Or divers and treasure chests.

Reactions: Agree 1


----------



## Iska (Apr 17, 2016)

Haksilence said:


> G porteri are notorious for avoiding hides in captivity, it might work, but I've never had any of my adult grammostola use a hide more than like 2 times when they are first rehoused.
> 
> If the substrate is damp at all they will probably avoid it and seek out a drier less humid spot. This species thrives on bone dry substrate, so if you are misting or anything, stop it, and maybe consider the level of ventilation you have as it could be overly humid


Odd! Mines never avoided her hide regardless of the arrangement of her enclosure or time within it - maybe because I'm using the same hide just different enclosures/substrates? She also REALLY likes to dig.

But in regards to the climbing I would say its likely because it doesn't like the feel of the substrate (moisture - you said it wasn't toooo moist and then said it was bone dry?? or type) considering it isn't mature yet.


----------



## MetallicArachnid (Apr 17, 2016)

darkness975 said:


> Sounds like mature male wandering for a mate behavior to me.


Definitely and seeing as he says 6 inch DLS wandering MM would be my guess.


----------



## MetallicArachnid (Apr 17, 2016)

Can we get a picture of his pedipalps and front legs?


----------



## MetallicArachnid (Apr 17, 2016)

Haksilence said:


> G porteri are notorious for avoiding hides in captivity, it might work, but I've never had any of my adult grammostola use a hide more than like 2 times when they are first rehoused.
> 
> If the substrate is damp at all they will probably avoid it and seek out a drier less humid spot. This species thrives on bone dry substrate, so if you are misting or anything, stop it, and maybe consider the level of ventilation you have as it could be overly humid


Most of my Grammostolas use a hide or burrow extensively.

Reactions: Agree 1


----------



## Venom1080 (Apr 17, 2016)

MetallicArachnid said:


> Definitely and seeing as he says 6 inch DLS wandering MM would be my guess.

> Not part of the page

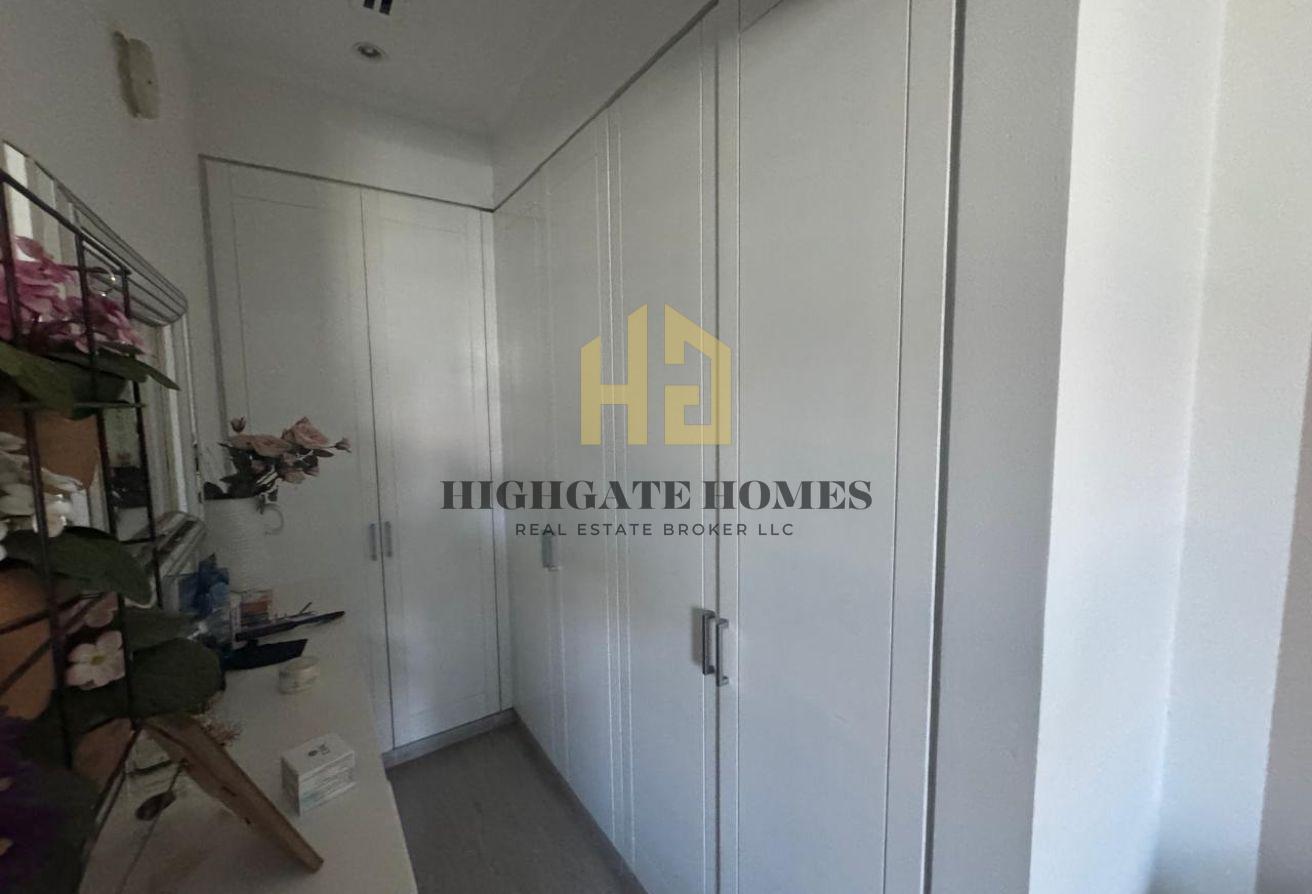 Vacant NOW | 4BR w/ Bedroom Downstairs | Prime Loc photo 6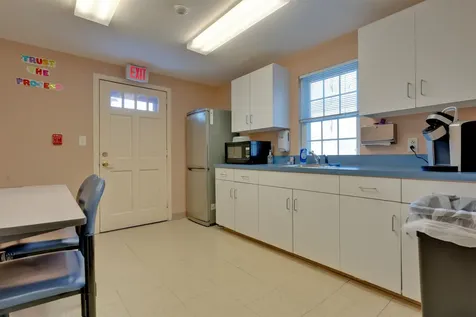 6 Hampton Road Exeter NH 03833-0000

he meant cm. read the thread.


----------



## MetallicArachnid (Apr 17, 2016)

Venom1080 said:


> he meant cm. read the thread.


I saw that afterwards definitely not MM, perhaps he's just not acclimated to the enclosure yet as he's on;t been there a month.


----------



## Iska (Apr 17, 2016)

My female for a little while would climb to the top randomly, but she is mature so I'm unsure as to what the heck she was doing. Could just be a weird cycling of "seasons" where they feel they need to ensure they are higher up and "safer". Man.. tarantulas are weird.


----------



## Haksilence (Apr 17, 2016)

My Grammostola porteri, and my SP "northern gold" excavate extensively. Just kinda push dirt back and forth. 
Obviously there are exceptions but generally people have been observing a lack of hide usage in captivity, at least from what I've read. Once they are comfortable and pushing dirt around they rarely use it unless disturbed. Even then my female northern gold NEVER uses it, no matter what, my male will only slip in briefly when very stressed

Reactions: Agree 1


----------



## Iska (Apr 17, 2016)

Haksilence said:


> My Grammostola porteri, and my SP "northern gold" excavate extensively. Just kinda push dirt back and forth.
> Obviously there are exceptions but generally people have been observing a lack of hide usage in captivity, at least from what I've read. Once they are comfortable and pushing dirt around they rarely use it unless disturbed. Even then my female northern gold NEVER uses it, no matter what, my male will only slip in briefly when very stressed


I wonder if it has to do with the type of hide provided? Which do you use?


----------



## mistertim (Apr 17, 2016)

Iska said:


> I wonder if it has to do with the type of hide provided? Which do you use?


A skull, hopefully.


----------



## Venom1080 (Apr 17, 2016)

MetallicArachnid said:


> I saw that afterwards definitely not MM, perhaps he's just not acclimated to the enclosure yet as he's on;t been there a month.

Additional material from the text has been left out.